「プレゼンティング・レッド・ミッチェル」(1957年、コンテンポラリーレコーズ) ベースの魅力 詰まった盤 平戸祐介のJAZZ COMBO・38

「プレゼンティング・レッド・ミッチェル」のジャケット写真

 5月は新緑の季節ということもあり、今回は爽やかで、しかもジャズ初心者の方でも親しむことができる盤をご紹介したいと思います。その盤とは剛健堅実なベーシスト、レッド・ミッチェルが1957年にアメリカ西海岸の名門ジャズレーベル、コンテンポラリーレコーズから発表した「プレゼンティング・レッド・ミッチェル」です。
 モダンジャズが隆盛した1950年代はジャズが多様化しはじめた時期でもありました。ニューヨークを中心とした緊張感やアカデミック感のある“東海岸ジャズ”、そしてロサンゼルスを中心とした爽やかで楽しさや温かみのある“西海岸ジャズ”が誕生しました。
 レッド・ミッチェルは西海岸ジャズシーンに属するアーティストで人気、実力ともに群を抜く存在でした。ちなみに東海岸ジャズシーンのトップベーシストはポール・チェンバースでした。どれだけミッチェルがシーンで認められた存在であったかというのが分かります。
 当時はチャールス・ミンガスやオスカー・ペティフォードといった音楽的革新性を持ち伴奏楽器の一部であったベースの概念を覆す活動を行ったプレーヤーもいました。ミッチェルはそんな彼らとは一線を画し、自己名義盤だからといって決して表に出ることはなく、ひたすら伴奏楽器としてのベースの魅力を追求したことで知られています。
 そんな魅力が大いに詰まったのがこの盤であります。ミッチェルの揺るぎない音楽的リーダーシップと重厚かつ手堅いテクニック、正確無比なリズム感覚もあり、レコーディングに参加しているメンバーが全員気持ちよく演奏しています。
 余談になりますが、昨今ベーシストがリーダーアルバムを作ることは珍しくなくなりましたが、当時はリーダーアルバムを制作するのは非常にまれなことだったのです。それをなぜミッチェルが実現できたのか。もちろんレーベル・オーナーの寛容な考えもあったかとは思いますが、ミッチェルには音楽全体像を的確に捉えることができる能力が非常に高かったからだと思います。

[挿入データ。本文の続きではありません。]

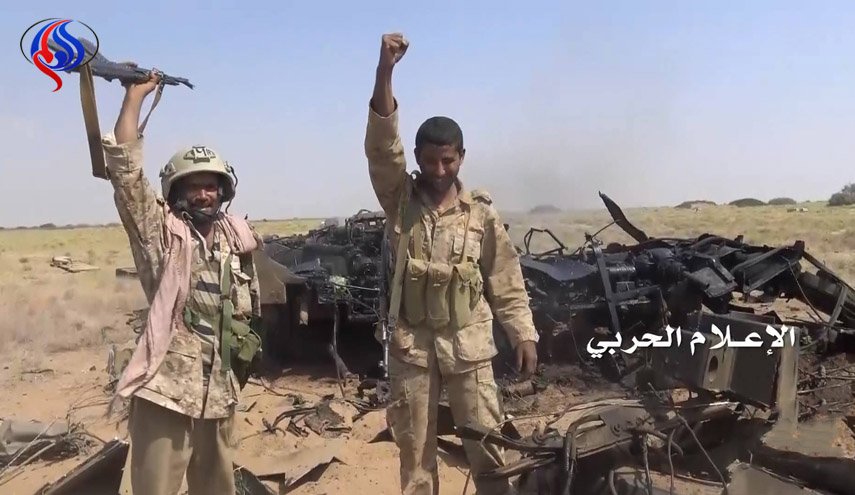 هلاك واصابة مرتزقة للعدوان في تعز والبيضاء ونهم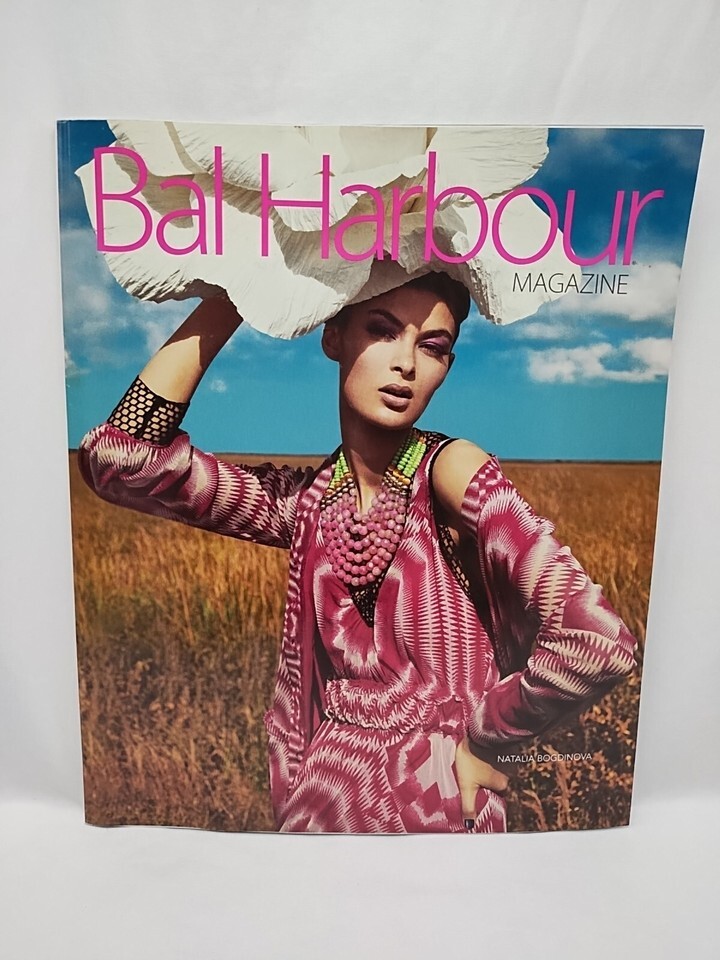 Bal Harbour Spring 2010 Natalia Bogdinova Magazine - $20.09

それはアルバムの選曲、アレンジ、人選にも表れていますし、またベーシストでありながらプロデュース力の高さが当代随一です。
 また争いごとが大嫌いだったミッチェルはこの後、差別指向の根強いアメリカでの生活に見切りをつけ、活動拠点をヨーロッパに移します。そんな真面目で優しい一面もこの盤のカバージャケットににじみ出ています。
 新緑の気持ちの良いこの季節。軽快な音とジャケットのかわいらしい猫と共にゆっくりとくつろいで聴きたい1枚です。